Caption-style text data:
----------
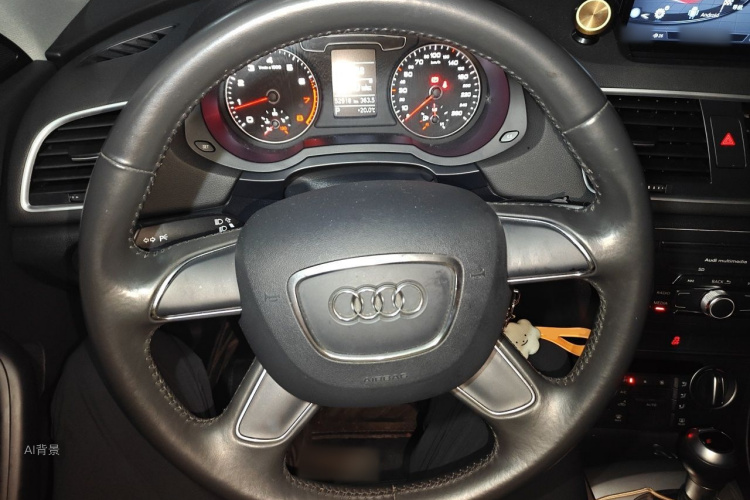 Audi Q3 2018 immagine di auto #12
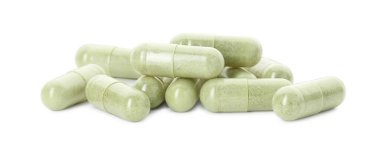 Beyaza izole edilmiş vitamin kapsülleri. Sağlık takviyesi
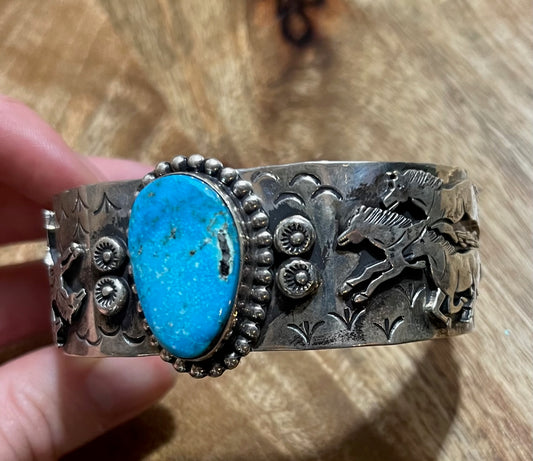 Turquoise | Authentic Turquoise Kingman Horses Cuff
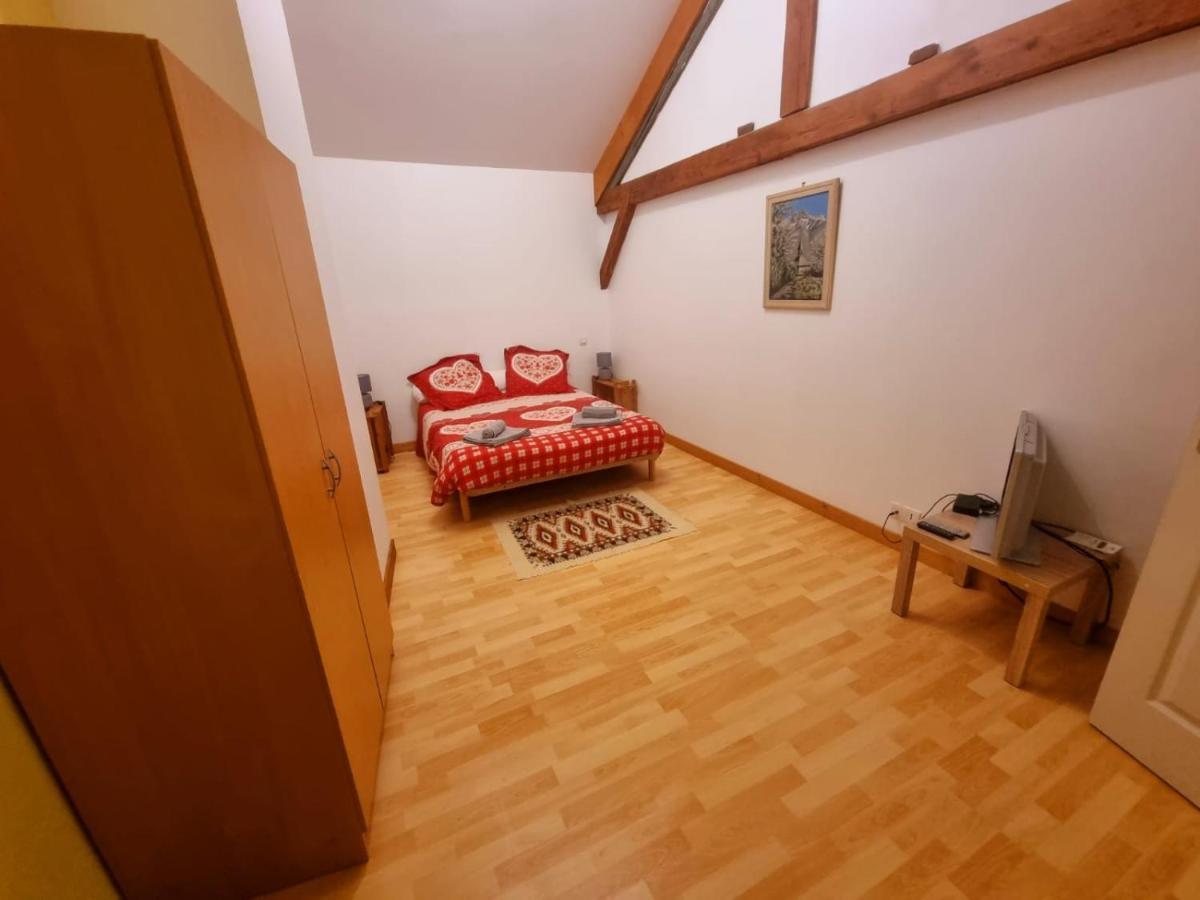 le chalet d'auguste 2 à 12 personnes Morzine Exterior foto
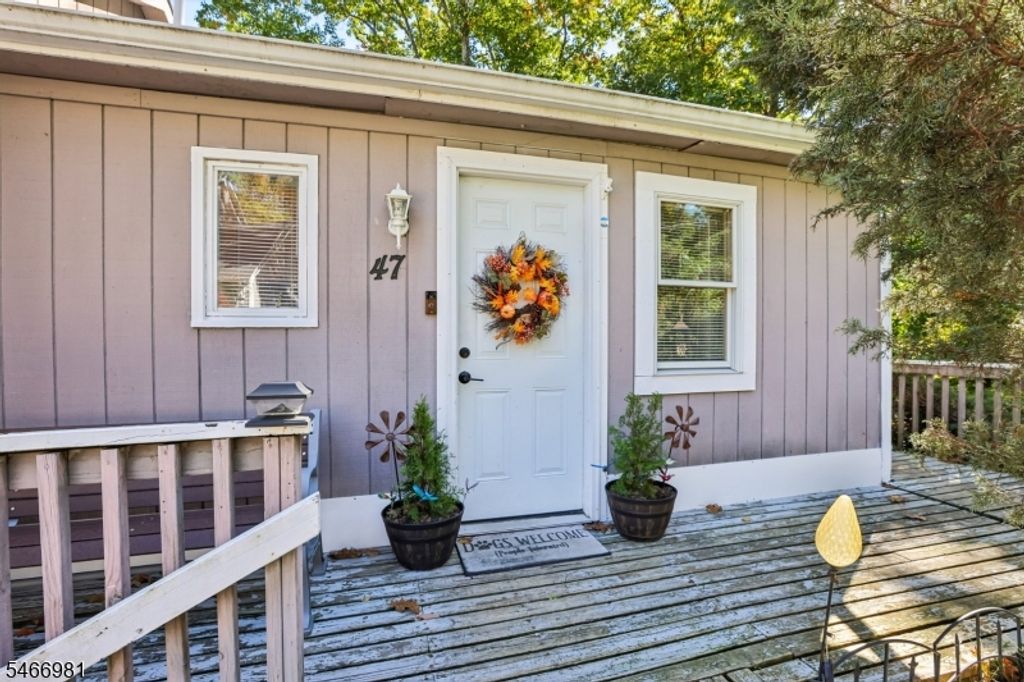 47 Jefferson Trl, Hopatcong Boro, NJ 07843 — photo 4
----------
| ACTION ITEM |
This task asks for the data above repeated exactly, without a single picture.

| FINISHED TASK |
 Audi Q3 2018 immagine di auto #12
 Beyaza izole edilmiş vitamin kapsülleri. Sağlık takviyesi
 Turquoise | Authentic Turquoise Kingman Horses Cuff
 le chalet d'auguste 2 à 12 personnes Morzine Exterior foto
 47 Jefferson Trl, Hopatcong Boro, NJ 07843 — photo 4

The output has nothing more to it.